Dataset Start Marker

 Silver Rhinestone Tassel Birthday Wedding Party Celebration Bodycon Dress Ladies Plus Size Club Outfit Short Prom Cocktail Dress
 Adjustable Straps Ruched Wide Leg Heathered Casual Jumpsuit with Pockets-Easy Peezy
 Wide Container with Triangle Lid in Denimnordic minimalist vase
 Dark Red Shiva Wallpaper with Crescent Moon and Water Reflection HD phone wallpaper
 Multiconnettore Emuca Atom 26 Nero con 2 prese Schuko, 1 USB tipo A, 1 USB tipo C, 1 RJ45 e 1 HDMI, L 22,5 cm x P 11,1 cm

Dataset End Marker
Dataset Start Marker

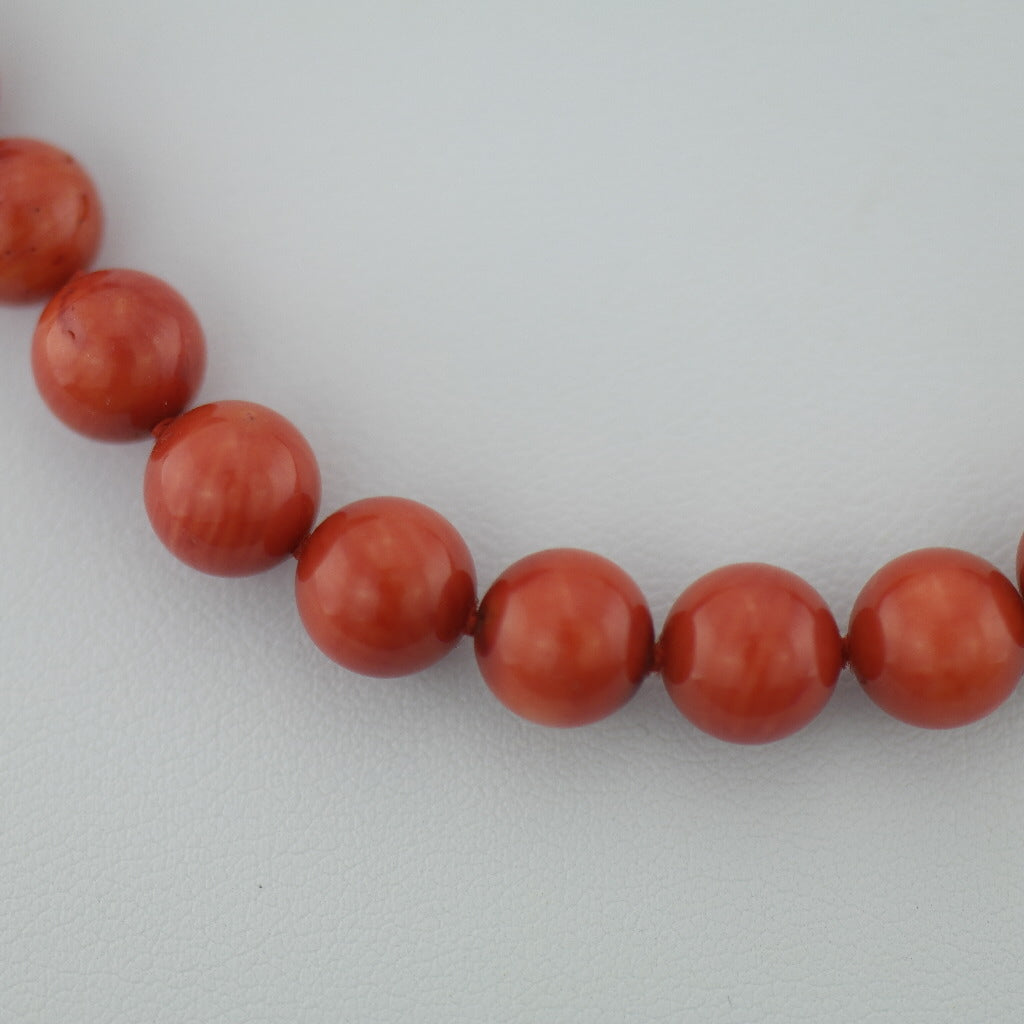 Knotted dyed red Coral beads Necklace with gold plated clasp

Dataset End Marker
Dataset Start Marker

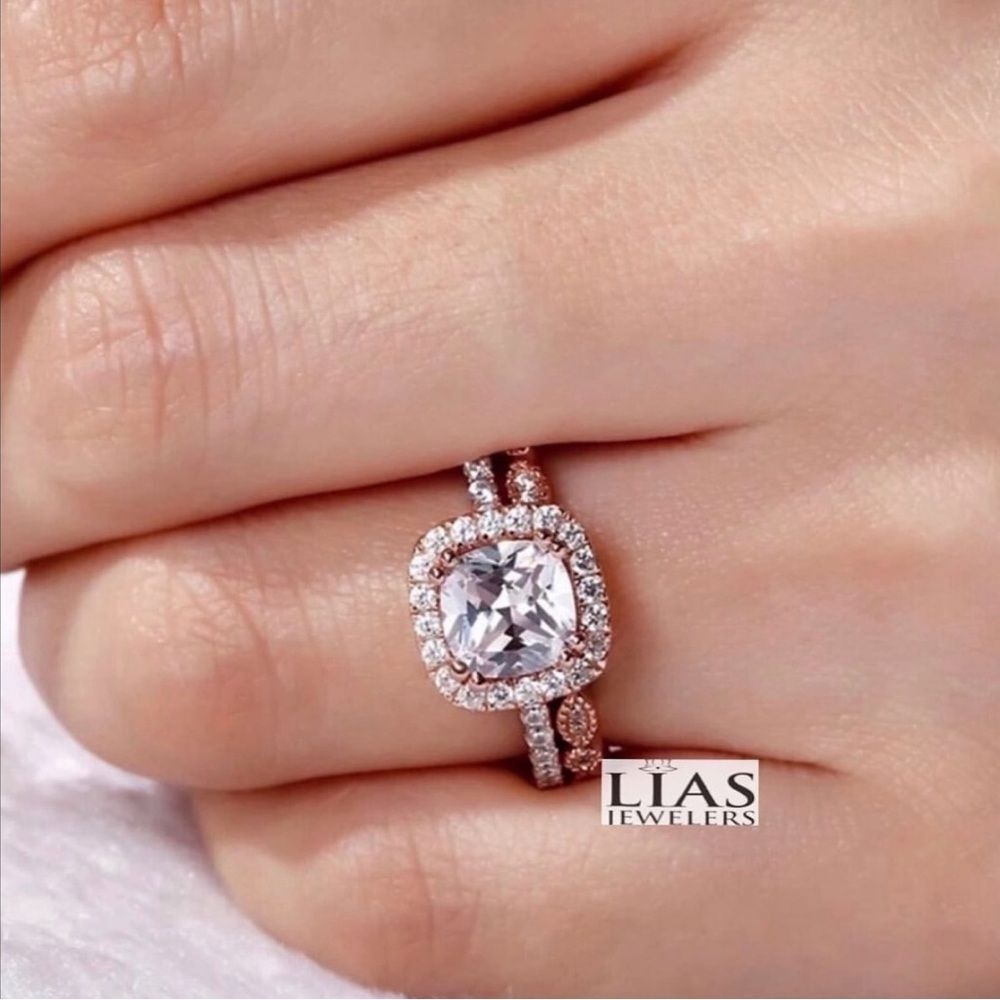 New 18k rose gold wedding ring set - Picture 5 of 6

Dataset End Marker

## What to do
Where does "Wide" appear in the listing? Show every line that has it.

## Solution to the exercise
 Adjustable Straps Ruched Wide Leg Heathered Casual Jumpsuit with Pockets-Easy Peezy
 Wide Container with Triangle Lid in Denimnordic minimalist vase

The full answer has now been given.